Monitorize as faturas do seguro e as contas médicas para detetar cobranças ou serviços desconhecidos, o que pode ser um sinal precoce de que as suas informações de saúde foram utilizadas indevidamente.
Pergunte diretamente aos seus prestadores sobre as suas práticas de segurança de dados e notificação de violações. Os pacientes têm o direito de compreender como as suas informações são protegidas.
O Que Isto Significa Para Si
O ransomware de dupla extorsão alterou os cálculos tanto para as organizações de saúde como para os pacientes. Já não se trata apenas de saber se um hospital consegue restaurar os seus sistemas após um ataque. Trata-se de saber se os seus registos pessoais mais sensíveis acabam por ser publicados para que qualquer pessoa os encontre. Como os pacientes muitas vezes não podem escolher quais os fornecedores que tratam dos seus dados nos bastidores, a vigilância pessoal é mais importante do que nunca, embora não seja uma solução completa.
A realidade é que os incidentes de ransomware na saúde provavelmente continuarão enquanto a dupla extorsão for lucrativa para os atacantes. Reforçar a segurança da sua própria conta, utilizar uma VPN em redes não seguras e manter-se atento a atividades incomuns na conta não impedirá uma violação no seu prestador, mas pode limitar os danos que o atingem pessoalmente.
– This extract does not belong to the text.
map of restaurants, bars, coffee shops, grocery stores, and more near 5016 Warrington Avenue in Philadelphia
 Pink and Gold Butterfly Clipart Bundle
Manter-se informado sobre como estes ataques funcionam e tomar as medidas de proteção básicas descritas acima é uma das poucas formas de controlo que os pacientes realmente têm neste cenário. Pequenos hábitos como ativar a MFA e encriptar a sua ligação em redes públicas somam-se, especialmente à medida que as táticas de dupla extorsão continuam a visar o setor da saúde em grande escala.